The Village 
                  (1891-1905)
                  Dictated By Ary
                Hretzk was not a picturesque village  not 
                  a bit. As you drove into the village the first house to the 
                  right side is where my brother Eli was born. It was the most 
                  northerly part of the village and consequently it was very cold. 
                  The wind blowing from the north would practically freeze up 
                  everything around the house. Not very far away was the mill. 

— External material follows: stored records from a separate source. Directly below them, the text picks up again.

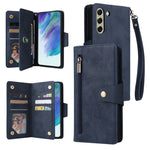 Rivetto Fibbia 9 carte Custodia per telefono in pelle a tre pieghe, For Samsung Galaxy S20+, For Samsung Galaxy S21 5G, For Samsung Galaxy S21 FE 5G, For Samsung Galaxy S21+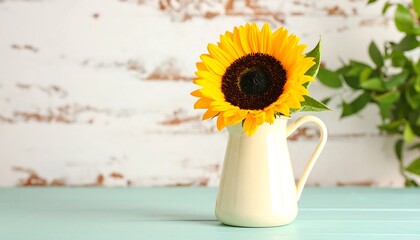 A vibrant sunflower in a cream-colored pitcher sits on a light teal-colored wooden table against a distressed whitewashed wall.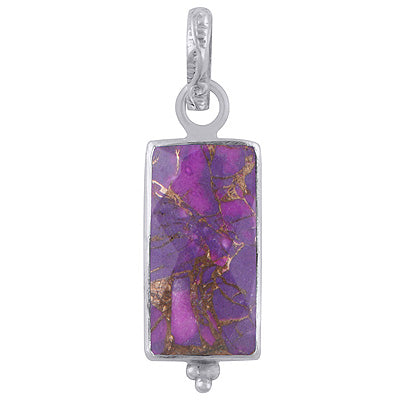 Minimal Rawa Work At Bottom Purple Copper Turquoise Rectangle Shape 925 Sterling Solid Silver Pendant - R301092-10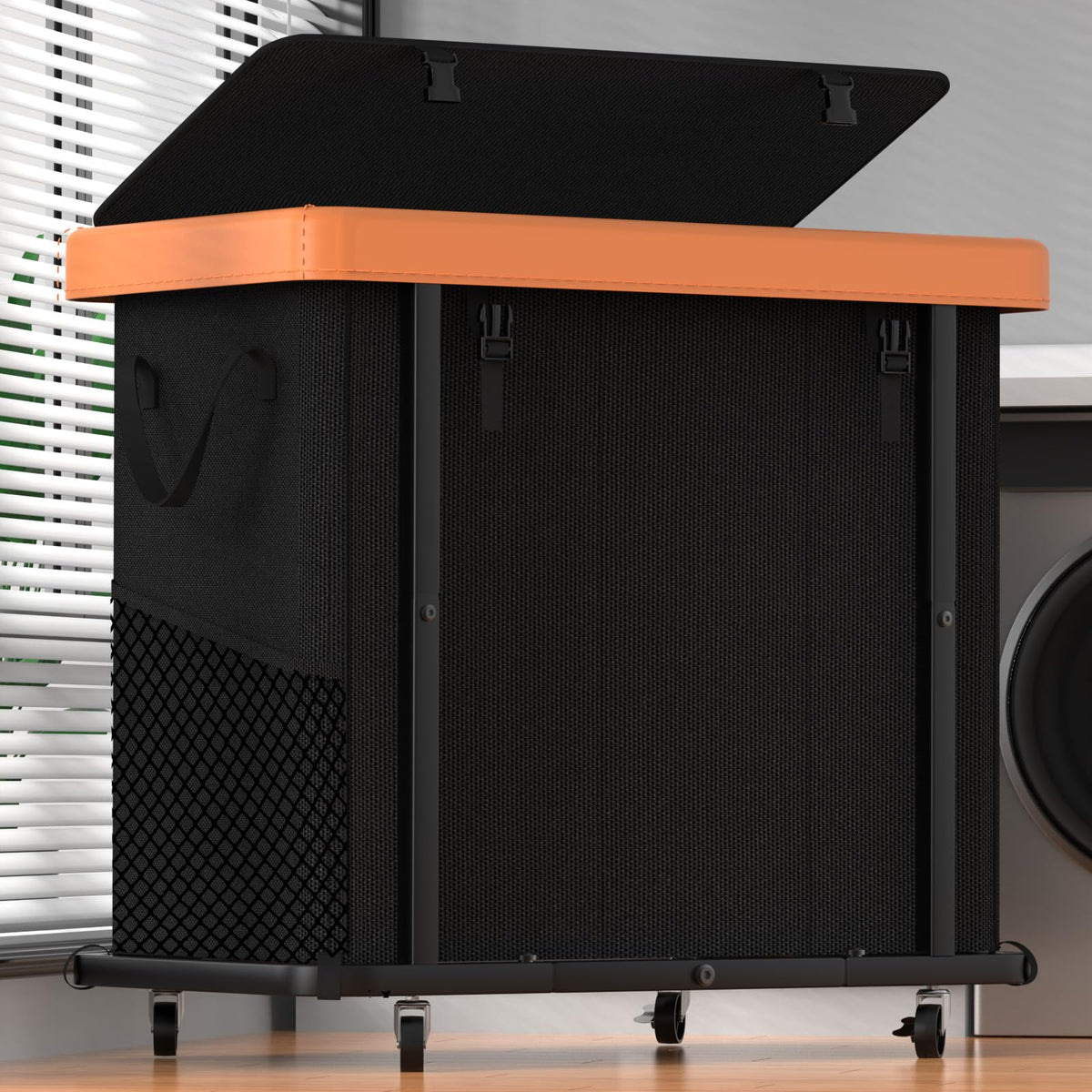 Laundry Hamper with Wheels,150L Leather Patchwork Clothes Hamper Black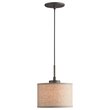 Pemberly Row Modern 1-Light Fabric Mini-Pendant in Bronze/Beige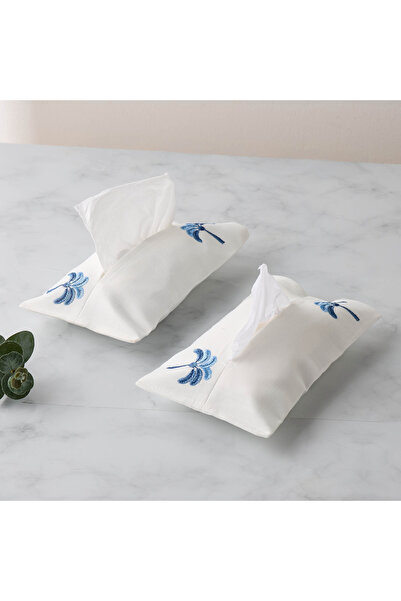 Lifestyle Palm Tree Embroidered Tissue Cover - Set of 2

                  There were several roads converging, and on one road coming 
                  from the village called Roseweh stood our one mill. Father used 
                  to run it and it was when they put in machinery that Father 
                  was killed by the machinery. He was only about 34 years old.
                  
                  The very earliest thing I remember is that we were driving from 
                  Hretzk to another village, Starobe, for a wedding  my 
                  father's younger brother was getting married. We stopped at 
                  a Kretchma overnight and it was a very dark room that I was 
                  to sleep in and I raised hell that there was no light. I was 
                  so unhappy that it was dark; I made such a rumpus that I upset 
                  the whole wedding. I remember so well that Kretchma and how 
                  scared I was in the room without light. I was afraid of being 
                  in a dark room  I saw ghosts. But how could I remember 
                   perhaps this thing was reinforced by their talking about 
                  it later.
                  
                  Now there is another memory that goes back probably just as 
                  far. The house where I was born was quite remote in the village 
                   I knew about where it was and in later years I thought 
                  of going to see it but I never did. One thing I remember about 
                  it is that for Succoth they would make a Succoth. Somehow or 
                  other I had in my hand a little mirror. Where it came from I 
                  don't know a tiny little mirror. I remember the Succoth 
                  was fixed up and I had such a desire to put something to decorate 
                  it, and I fixed that little mirror in a corner in the Succoth 
                  and that gave me such satisfaction. It was only a clumsy little 
                  corner. I stuck the little mirror in a corner of the primitive 
                  Succoth, probably just a table and a few chairs to sit there.
                  
                
 
                  “When we moved   I 
                    wanted to be of use in moving and I held the lamp as we walked 
                    from one house to another. There was no street, we had to 
                    walk through gardens, past some peasant houses and vegetable 
                    gardens.”
                 
                At the same period, a little later we moved from 
                  that little house to Grandfather's house. He had a big house 
                  that he had made himself, and evidently things weren't very 
                  good for my father and we moved in, and behind the stove there 
                  was some space where it was hot and that is where we children 
                  slept. When we moved I wanted to be of use in moving and I held 
                  the lamp as we walked from one house to another. There was no 
                  street, we had to walk through gardens, past some peasant houses 
                  and vegetable gardens. Father walked first and Mother carried 
                  something and I carried the lamp and I held it until we came 
                  to Grandfather's house, so firmly they couldn't take it from 
                  me.
                  
                  Now my uncle with the big black beard found me lying one day 
                  in a field, fast asleep, and he picked me up and brought me 
                  over to the house and he gave a tongue lashing to my mother 
                   ''How come you don't look after your child?" because 
                  I had disappeared, and I would fall asleep, so he picked me 
                  up and carried me home. Now, do I remember the fact that Uncle 
                  was angry at my Mother and talking harshly, or do I remember 
                  that they talked about it. I am sure I remember Uncle's big 
                  black beard with a few gray hairs.
                  
                  The house itself I remember vaguely. A log cabin, small. The 
                  place where we lived with Grandfather had a big stove and behind 
                  the stove there was a place fixed up for the children to sleep. 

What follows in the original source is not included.